(Crawled caption data)

_ _ _

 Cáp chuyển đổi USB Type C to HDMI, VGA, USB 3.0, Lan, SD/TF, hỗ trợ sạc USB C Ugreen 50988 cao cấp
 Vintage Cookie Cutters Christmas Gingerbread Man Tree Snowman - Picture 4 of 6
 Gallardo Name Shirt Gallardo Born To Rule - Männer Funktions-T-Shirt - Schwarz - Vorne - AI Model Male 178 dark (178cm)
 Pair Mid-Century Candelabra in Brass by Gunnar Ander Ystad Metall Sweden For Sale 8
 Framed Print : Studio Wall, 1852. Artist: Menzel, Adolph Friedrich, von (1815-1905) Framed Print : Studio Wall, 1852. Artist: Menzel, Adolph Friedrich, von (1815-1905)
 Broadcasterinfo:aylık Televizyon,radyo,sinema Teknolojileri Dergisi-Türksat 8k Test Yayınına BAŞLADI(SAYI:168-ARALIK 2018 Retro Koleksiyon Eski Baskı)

_ _ _

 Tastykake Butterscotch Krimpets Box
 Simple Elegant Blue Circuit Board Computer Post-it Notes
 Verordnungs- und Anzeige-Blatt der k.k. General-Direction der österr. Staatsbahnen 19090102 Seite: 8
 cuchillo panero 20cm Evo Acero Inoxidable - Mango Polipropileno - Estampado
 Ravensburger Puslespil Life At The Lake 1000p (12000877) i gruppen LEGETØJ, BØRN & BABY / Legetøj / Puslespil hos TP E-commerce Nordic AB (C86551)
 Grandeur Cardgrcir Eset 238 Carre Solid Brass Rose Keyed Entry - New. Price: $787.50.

_ _ _

Output the lines of the records above exactly as they appear, from the line containing "Verordnungs- und Anzeige-Blatt" through the line containing "Grandeur Cardgrcir Eset".

# The completed task
 Verordnungs- und Anzeige-Blatt der k.k. General-Direction der österr. Staatsbahnen 19090102 Seite: 8
 cuchillo panero 20cm Evo Acero Inoxidable - Mango Polipropileno - Estampado
 Ravensburger Puslespil Life At The Lake 1000p (12000877) i gruppen LEGETØJ, BØRN & BABY / Legetøj / Puslespil hos TP E-commerce Nordic AB (C86551)
 Grandeur Cardgrcir Eset 238 Carre Solid Brass Rose Keyed Entry - New. Price: $787.50.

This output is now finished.